Whose Voices are Heard? Victimhood and Dark Tourism in Cambodia
Project Commenced: 01/09/2017 |
Project Completion Date: 30/03/2018 |
Project PI/s
Dr. Cheryl Lawther
Other staff or partners
Dr. Rachel Killean, Dr. Lauren Dempster, Documentation Centre of Cambodia
Project Description
Dark tourism, the phenomenon of visiting sites associated with death and suffering, is on the rise. Key sites for visitors include Auschwitz-Birkenau, Tuol Sleng in Phnom Penh Cambodia, Ground Zero, Alcatraz and Robben Island. Such sites are founded on traumatic loss and large-scale victimisation. Yet research on dark tourism often focuses on the experiences of tourists and the custodial and managerial practices of those running the sites. Under-researched are issues such as the representation of victims’ voices at such sites, the extent to which victims are able to exercise agency and ownership of their narratives and the ways in which the complexity of victimhood in post-conflict or post-authoritarian contexts may be (mis)represented. This project explores these themes in the context of Cambodia.
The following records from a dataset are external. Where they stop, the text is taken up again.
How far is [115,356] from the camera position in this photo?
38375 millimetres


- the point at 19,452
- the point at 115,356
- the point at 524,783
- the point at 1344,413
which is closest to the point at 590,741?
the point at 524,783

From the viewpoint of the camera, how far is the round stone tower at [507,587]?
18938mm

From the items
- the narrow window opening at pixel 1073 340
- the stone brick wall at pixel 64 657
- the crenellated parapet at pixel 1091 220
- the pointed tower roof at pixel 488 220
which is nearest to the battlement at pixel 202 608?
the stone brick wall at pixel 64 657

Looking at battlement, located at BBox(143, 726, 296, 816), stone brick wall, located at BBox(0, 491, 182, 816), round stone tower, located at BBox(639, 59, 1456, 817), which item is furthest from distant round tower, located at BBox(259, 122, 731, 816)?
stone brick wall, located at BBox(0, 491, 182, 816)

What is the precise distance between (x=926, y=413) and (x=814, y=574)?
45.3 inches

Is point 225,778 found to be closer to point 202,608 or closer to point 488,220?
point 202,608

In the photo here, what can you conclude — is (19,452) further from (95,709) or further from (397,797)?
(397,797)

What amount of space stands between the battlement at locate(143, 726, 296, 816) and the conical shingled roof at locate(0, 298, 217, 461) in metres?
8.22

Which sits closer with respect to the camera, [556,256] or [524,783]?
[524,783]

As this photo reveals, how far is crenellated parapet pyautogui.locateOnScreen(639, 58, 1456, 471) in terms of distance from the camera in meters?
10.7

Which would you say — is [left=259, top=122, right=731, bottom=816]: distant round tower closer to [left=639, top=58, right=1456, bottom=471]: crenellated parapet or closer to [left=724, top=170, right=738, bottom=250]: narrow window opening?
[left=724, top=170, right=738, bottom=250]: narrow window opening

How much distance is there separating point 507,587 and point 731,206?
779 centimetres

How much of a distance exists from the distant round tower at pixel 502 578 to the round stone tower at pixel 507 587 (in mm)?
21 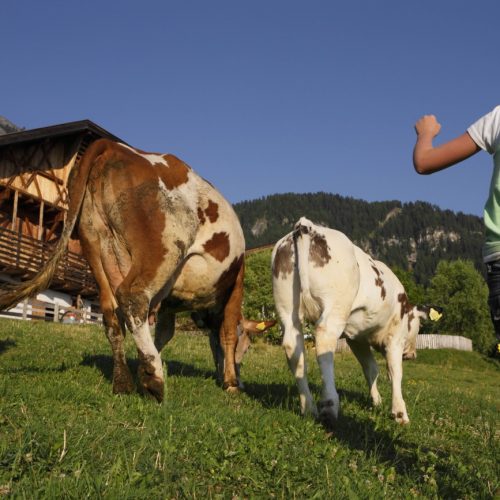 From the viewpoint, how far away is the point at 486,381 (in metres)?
27.4

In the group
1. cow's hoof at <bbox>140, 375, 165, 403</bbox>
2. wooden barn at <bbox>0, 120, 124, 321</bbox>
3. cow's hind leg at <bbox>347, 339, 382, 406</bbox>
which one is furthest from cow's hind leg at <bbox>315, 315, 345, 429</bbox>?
wooden barn at <bbox>0, 120, 124, 321</bbox>

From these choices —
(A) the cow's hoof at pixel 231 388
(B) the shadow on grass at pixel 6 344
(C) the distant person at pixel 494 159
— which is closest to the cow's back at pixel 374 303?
(A) the cow's hoof at pixel 231 388

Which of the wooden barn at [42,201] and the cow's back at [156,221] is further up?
the wooden barn at [42,201]

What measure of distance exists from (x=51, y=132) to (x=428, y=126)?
32.4 meters

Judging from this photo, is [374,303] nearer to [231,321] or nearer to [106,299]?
[231,321]

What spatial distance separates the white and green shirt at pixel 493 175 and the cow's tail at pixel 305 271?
317cm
Since 1980 the Tuol Sleng Museum of Genocide and Choeung Ek Killing Fields have been used as evidence of the Khmer Rouge regime’s crimes, as well as sites of memorialization and education. Drawing on interviews with survivors of the regime, as well as other actors connected to the sites, this project asks questions such as: how do victims of the Khmer Rouge regime regard Tuol Sleng and Choeung Ek? Whose voices are heard, and whose voices are silenced, within the two sites? To what extent are victims able to exercise ownership over the stories which are told? How are hierarchies of victimhood represented within the sites? Are sites of mass atrocity an appropriate place in which to explore the complexities of mass violence?